START Given data
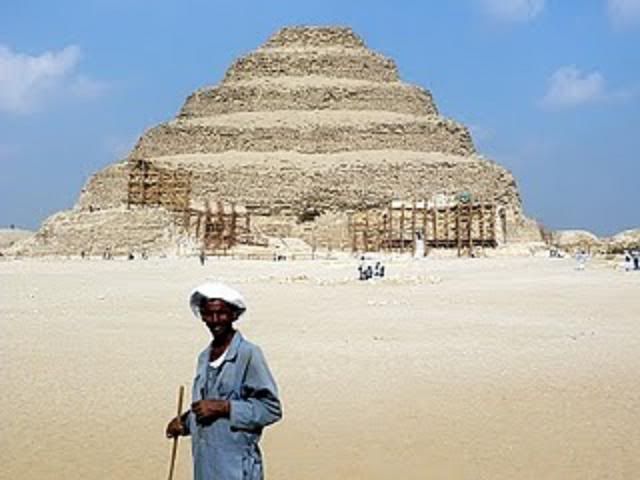 SaqqarapyramidsDjoserssteppyramid19.jpg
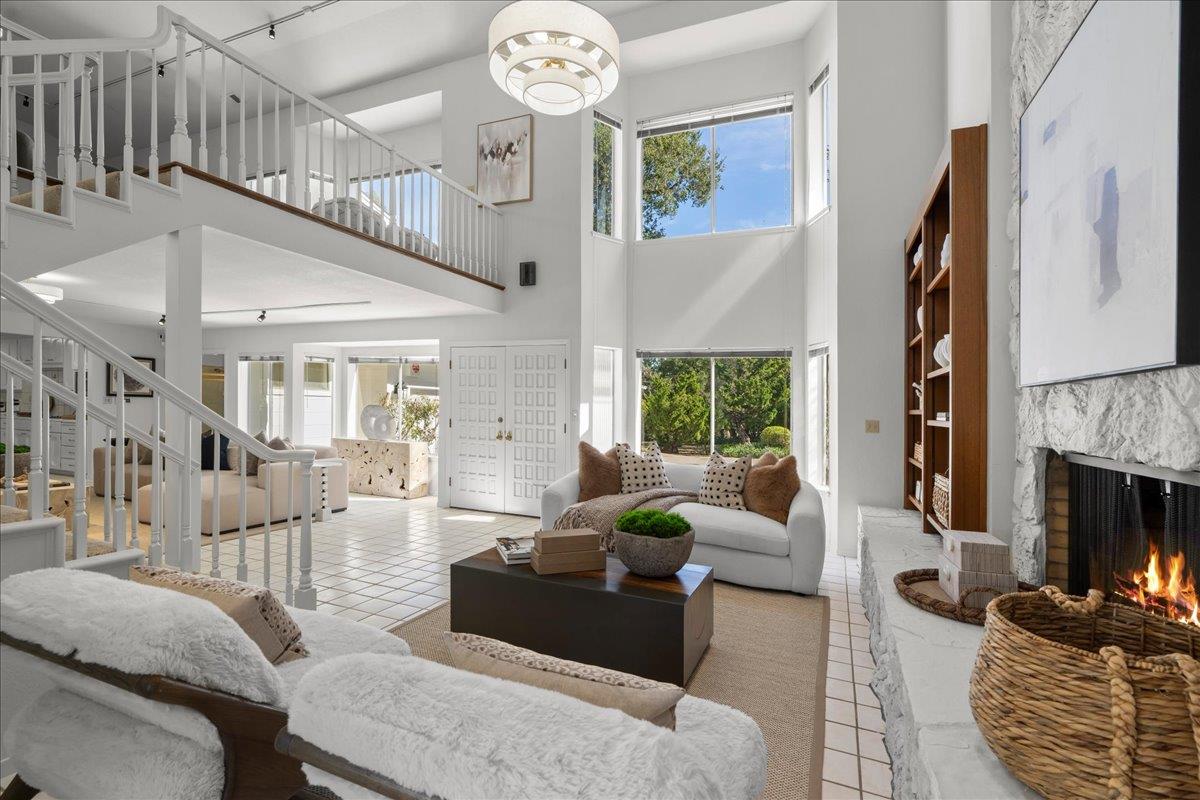 14721 Live Oak Lane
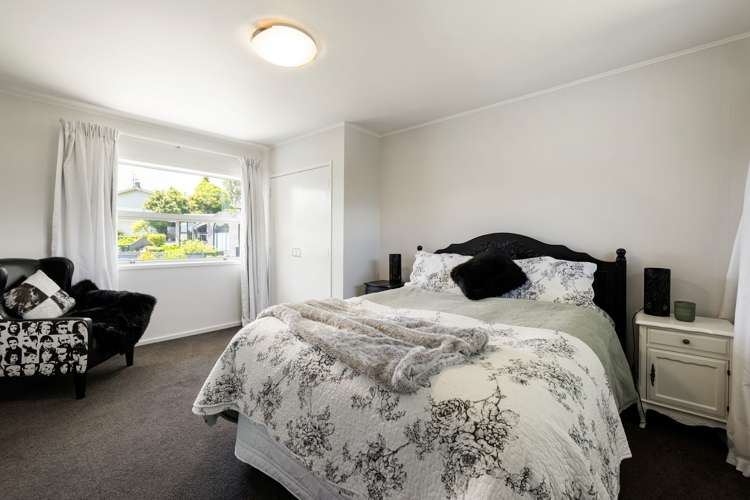 163 Lake Crescent Hamilton Lake_16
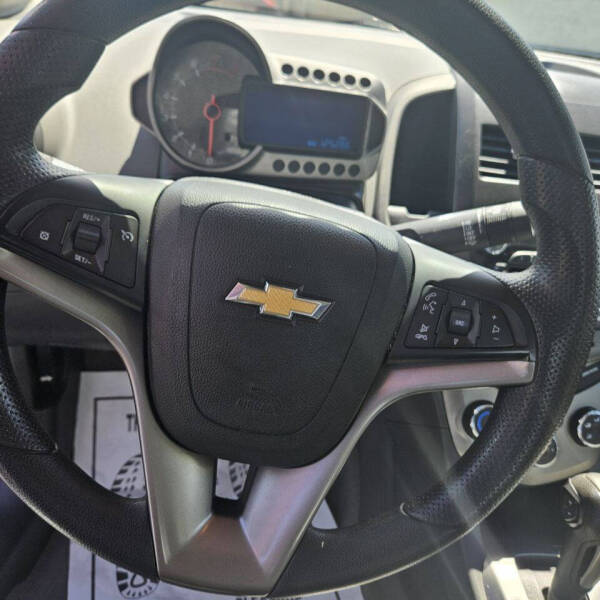 2013 Chevrolet Sonic LT Auto
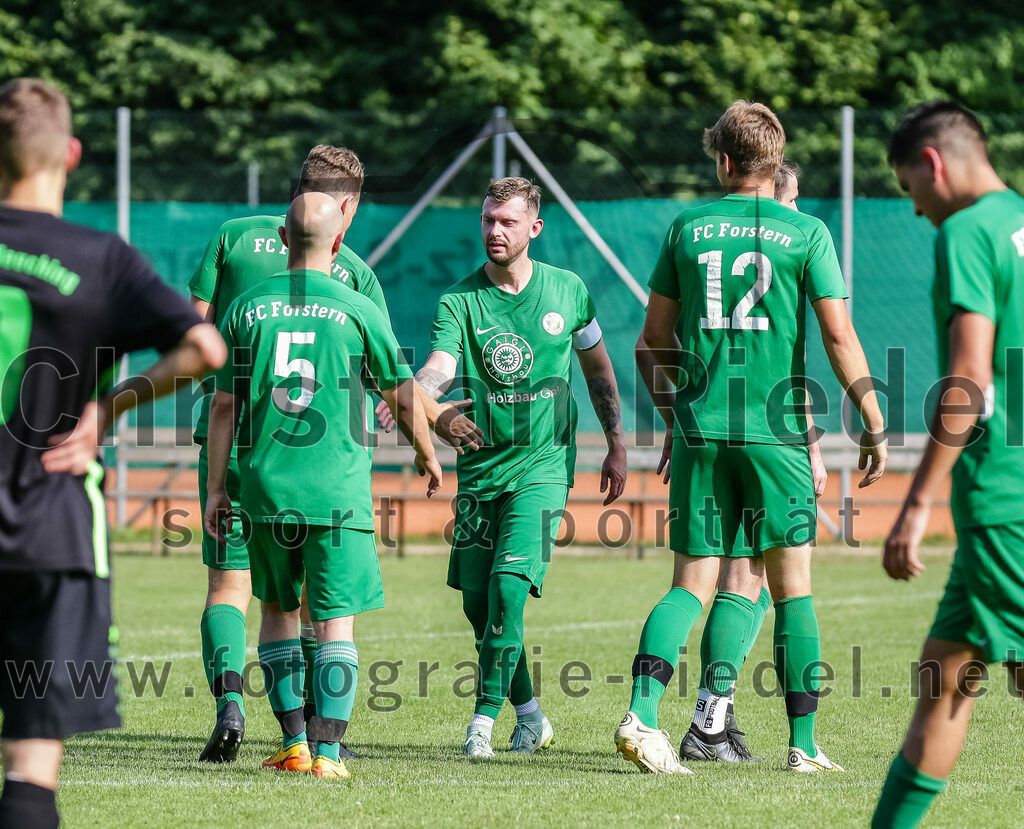 2023-07-09_073_FC_Forstern_gegen_SpVgg_Neuching | Forstern, Deutschland, 09.07.2023:
Fußball, Kreisklasse 2023 / 2024, Testspiel, FC Forstern gegen SpVgg Neuching, Endergebnis: 2:4

Jubel nach dem 2:0 durch Bastian Keilhacker (FC Forstern, #4)
Johannes Kern (FC Forstern, #5), Andreas Ullmann (FC Forstern, #11), Lukas Gröppmair (FC Forstern, #12)

Foto: Christian Riedel / fotografie-riedel.net
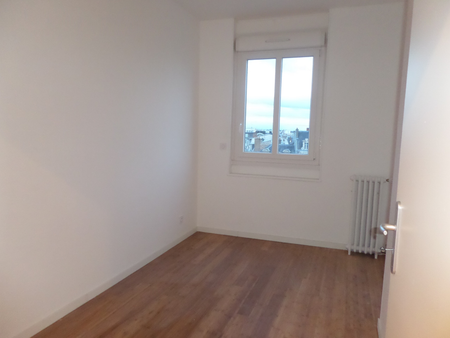 APPARTEMENT REIMS CENTRE, place du Forum - Photo 4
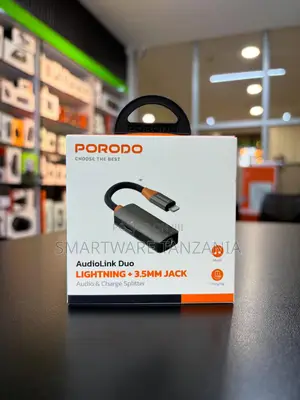 Porodo Audiolink Duo Lightning 3.5mm Jack Audio Charge Splitter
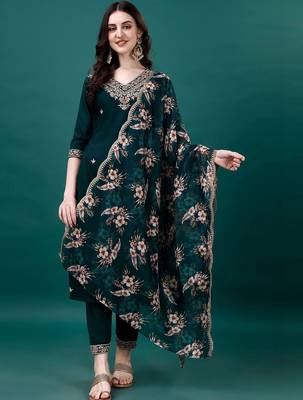 women floral embroidered regular thread work kurta with trousers & with dupatta 1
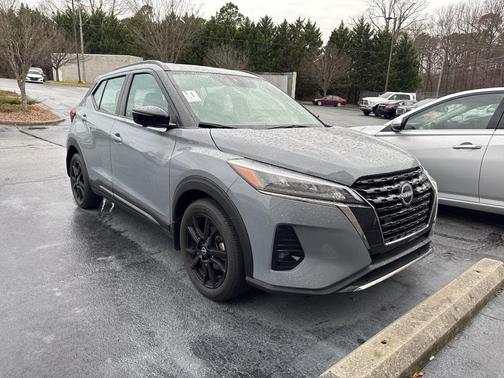 2022 Nissan Kicks SR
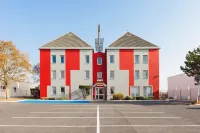 Enzo Hotels Chalons en Champagne Hotel a Jalons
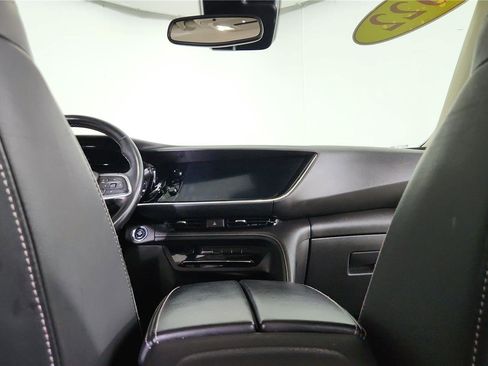 Used 2022 Buick Envision Essence w/ Safety Package FWD image 13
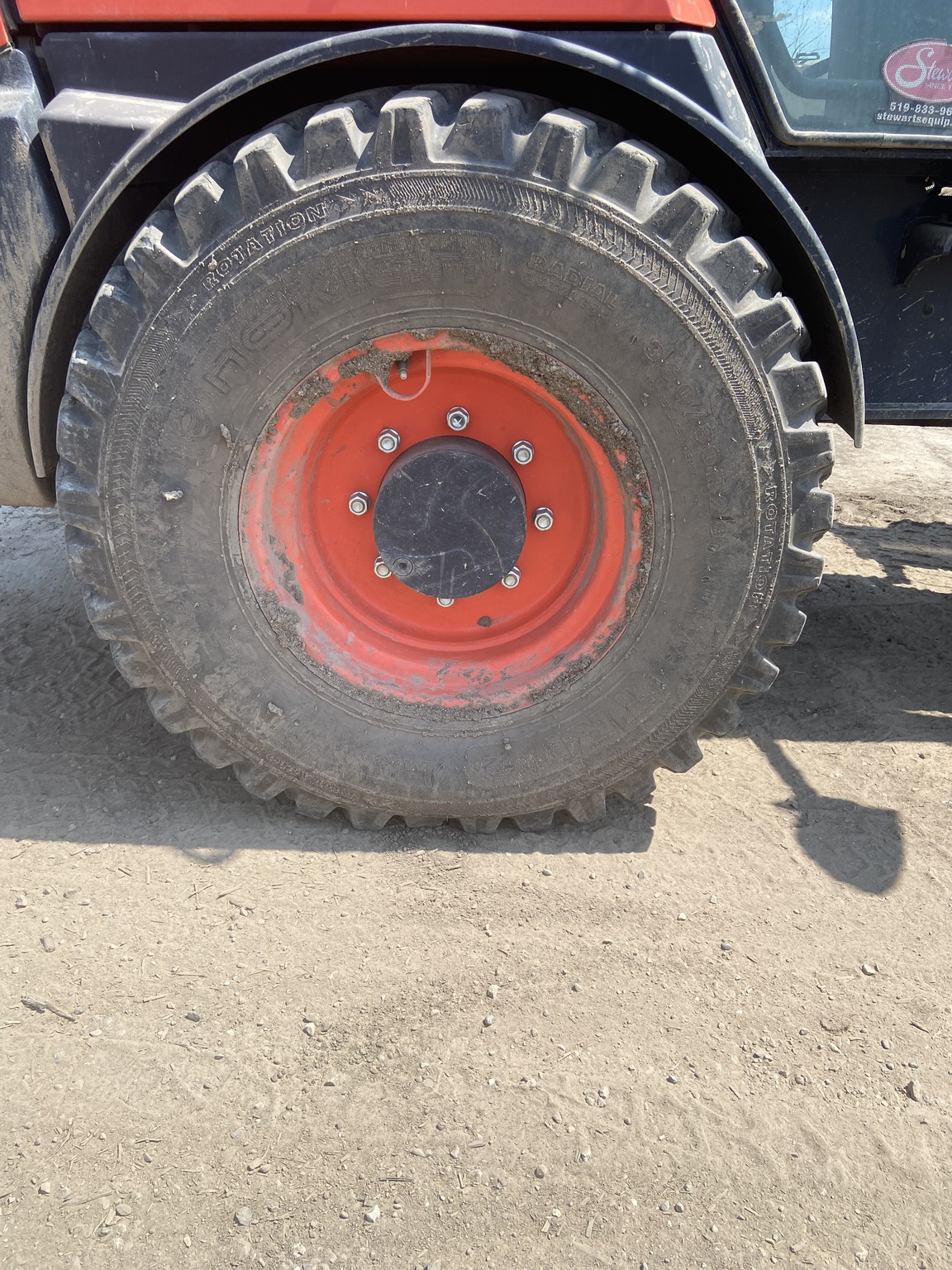 2022 Kubota R640 Image 9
END Given data
▶ How to complete this task
Every entry should be written out word for word, except for its pictures.

▶ Output below
 SaqqarapyramidsDjoserssteppyramid19.jpg
 14721 Live Oak Lane
 163 Lake Crescent Hamilton Lake_16
 2013 Chevrolet Sonic LT Auto
 2023-07-09_073_FC_Forstern_gegen_SpVgg_Neuching | Forstern, Deutschland, 09.07.2023:
Fußball, Kreisklasse 2023 / 2024, Testspiel, FC Forstern gegen SpVgg Neuching, Endergebnis: 2:4

Jubel nach dem 2:0 durch Bastian Keilhacker (FC Forstern, #4)
Johannes Kern (FC Forstern, #5), Andreas Ullmann (FC Forstern, #11), Lukas Gröppmair (FC Forstern, #12)

Foto: Christian Riedel / fotografie-riedel.net
 APPARTEMENT REIMS CENTRE, place du Forum - Photo 4
 Porodo Audiolink Duo Lightning 3.5mm Jack Audio Charge Splitter
 women floral embroidered regular thread work kurta with trousers & with dupatta 1
 2022 Nissan Kicks SR
 Enzo Hotels Chalons en Champagne Hotel a Jalons
 Used 2022 Buick Envision Essence w/ Safety Package FWD image 13
 2022 Kubota R640 Image 9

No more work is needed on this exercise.